Aujourd'hui, les sciences humaines permettent de pallier les manques de l'éducation car elles mettent à disposition des connaissances et des moyens pour consolider ou construire son autonomie, celle qui peut aboutir à se réaliser pleinement. L'être humain vient au monde totalement immature, démuni et dépendant. Pour devenir un adulte autonome, c'est-à-dire un sujet qui sait comment s'y prendre pour atteindre ses objectifs, même si existent des résistances, il lui faut vivre un double processus de croissance. Le processus de la croissance physique est clairement reconnu, évalué, suivi et favorisé si nécessaire. Nous savons à quel âge l'enfant doit tenir la position assise, «mettre» les dents, marcher, se nourrir seul, parler... Les secteurs socioprofessionnels concernés ont les compétences nécessaires pour influer positivement sur le développement humain si un incident venait à l'entraver. Il n'en est cependant pas de même, en règle générale, pour ce qui concerne le principe de la croissance psychologique. Pourtant, le schéma de construction est similaire. L'être humain doit d'abord vivre la dépendance complète à l'entourage jusqu'à onze ou douze mois. Il ne peut rien faire par lui-même. Ensuite, l'accession à la marche lui ouvre un espace dans lequel il va manifester de la contre-dépendance en agissant comme s'il était intéressé par les choses qui lui sont interdites : le feu, l'escalier, les robinets du gaz... Continuant à se développer au niveau physique, psychomoteur et cognitif, il arrive dans une phase d'indépendance qu'il met en évidence par son langage et l'utilisation péremptoire du moi, moi-je et par des attitudes égocentriques. Mais c'est aussi l'âge où cette indépendance lui permet de se séparer momentanément des proches pour aller vers les autres, comme l'école maternelle, par exemple. Ainsi, il peut découvrir une étape encore différente de l'autonomie : l'interdépendance. Il est alors capable d'adaptations tout en sachant s'affirmer. Il peut ainsi accepter la discipline de la classe, se taire, apprendre des choses grâce à la maîtresse et ensuite être fier de ses acquisitions et de son savoir.

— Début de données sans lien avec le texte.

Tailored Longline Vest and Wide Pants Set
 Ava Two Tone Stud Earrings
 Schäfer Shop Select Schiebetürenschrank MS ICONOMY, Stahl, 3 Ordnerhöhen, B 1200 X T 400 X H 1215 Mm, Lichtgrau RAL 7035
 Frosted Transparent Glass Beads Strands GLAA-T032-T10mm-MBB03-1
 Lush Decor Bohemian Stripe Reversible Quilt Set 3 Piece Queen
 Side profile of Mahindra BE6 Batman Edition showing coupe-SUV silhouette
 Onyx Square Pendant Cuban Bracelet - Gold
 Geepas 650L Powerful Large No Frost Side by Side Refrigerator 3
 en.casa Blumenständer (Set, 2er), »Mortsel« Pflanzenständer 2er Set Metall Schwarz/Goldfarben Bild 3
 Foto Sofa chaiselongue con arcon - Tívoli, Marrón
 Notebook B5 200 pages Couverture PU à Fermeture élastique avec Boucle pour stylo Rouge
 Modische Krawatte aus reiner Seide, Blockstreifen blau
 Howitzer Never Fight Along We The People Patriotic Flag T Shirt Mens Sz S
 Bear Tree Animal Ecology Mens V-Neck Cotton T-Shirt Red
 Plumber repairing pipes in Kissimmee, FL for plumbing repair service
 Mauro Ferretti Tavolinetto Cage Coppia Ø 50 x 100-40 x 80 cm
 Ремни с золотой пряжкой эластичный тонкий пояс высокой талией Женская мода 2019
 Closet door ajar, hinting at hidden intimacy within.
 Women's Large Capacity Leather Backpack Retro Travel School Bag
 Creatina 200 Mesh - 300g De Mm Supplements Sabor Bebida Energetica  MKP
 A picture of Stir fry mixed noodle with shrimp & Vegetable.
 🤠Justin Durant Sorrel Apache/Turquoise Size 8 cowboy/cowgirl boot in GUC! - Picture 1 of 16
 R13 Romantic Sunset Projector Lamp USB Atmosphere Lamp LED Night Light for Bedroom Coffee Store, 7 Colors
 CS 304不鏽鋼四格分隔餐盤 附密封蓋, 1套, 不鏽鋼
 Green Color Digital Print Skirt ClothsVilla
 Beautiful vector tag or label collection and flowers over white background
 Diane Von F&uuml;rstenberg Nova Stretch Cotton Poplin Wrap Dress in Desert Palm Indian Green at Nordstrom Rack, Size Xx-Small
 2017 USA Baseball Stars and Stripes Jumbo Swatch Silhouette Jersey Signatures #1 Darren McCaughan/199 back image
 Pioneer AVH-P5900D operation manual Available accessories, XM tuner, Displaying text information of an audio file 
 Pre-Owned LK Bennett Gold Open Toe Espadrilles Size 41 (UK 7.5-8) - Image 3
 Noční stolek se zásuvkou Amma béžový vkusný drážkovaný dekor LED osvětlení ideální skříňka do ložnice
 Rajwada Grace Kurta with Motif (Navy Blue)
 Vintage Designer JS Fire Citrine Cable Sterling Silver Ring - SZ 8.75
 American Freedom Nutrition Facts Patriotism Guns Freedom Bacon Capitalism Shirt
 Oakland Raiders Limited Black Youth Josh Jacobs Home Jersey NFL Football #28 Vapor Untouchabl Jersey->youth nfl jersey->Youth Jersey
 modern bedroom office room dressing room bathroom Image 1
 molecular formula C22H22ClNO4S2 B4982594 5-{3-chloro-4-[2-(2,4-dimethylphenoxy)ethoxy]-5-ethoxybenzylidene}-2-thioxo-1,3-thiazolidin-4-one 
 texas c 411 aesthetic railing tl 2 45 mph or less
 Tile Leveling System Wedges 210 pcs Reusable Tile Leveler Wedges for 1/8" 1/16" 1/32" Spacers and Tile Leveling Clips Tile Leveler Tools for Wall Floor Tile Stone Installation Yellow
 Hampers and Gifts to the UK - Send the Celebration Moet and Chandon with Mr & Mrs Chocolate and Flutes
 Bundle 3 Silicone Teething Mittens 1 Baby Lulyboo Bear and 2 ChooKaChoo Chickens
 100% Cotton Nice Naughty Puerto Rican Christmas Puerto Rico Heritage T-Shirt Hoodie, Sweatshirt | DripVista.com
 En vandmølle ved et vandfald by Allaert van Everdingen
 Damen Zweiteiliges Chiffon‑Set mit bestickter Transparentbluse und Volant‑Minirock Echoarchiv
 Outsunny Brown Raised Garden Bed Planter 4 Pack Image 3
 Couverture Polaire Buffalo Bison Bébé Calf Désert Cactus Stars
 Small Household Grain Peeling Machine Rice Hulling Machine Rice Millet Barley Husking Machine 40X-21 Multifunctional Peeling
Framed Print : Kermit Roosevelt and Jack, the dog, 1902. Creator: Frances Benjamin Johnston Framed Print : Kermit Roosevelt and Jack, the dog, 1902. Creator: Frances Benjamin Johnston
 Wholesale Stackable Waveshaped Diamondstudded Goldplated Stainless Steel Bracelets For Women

Ce sont là les étapes de base indispensables pour l'éducation de l'autonomie. Tel le cycle des saisons dans un espace-temps relatif et qui, de facto, peut nous échapper, ces étapes vont revenir aux différents âges de l'existence, en particulier dans la vie affective et professionnelle... Une évidence s'impose : «On ne domine la nature qu'en acceptant ses lois».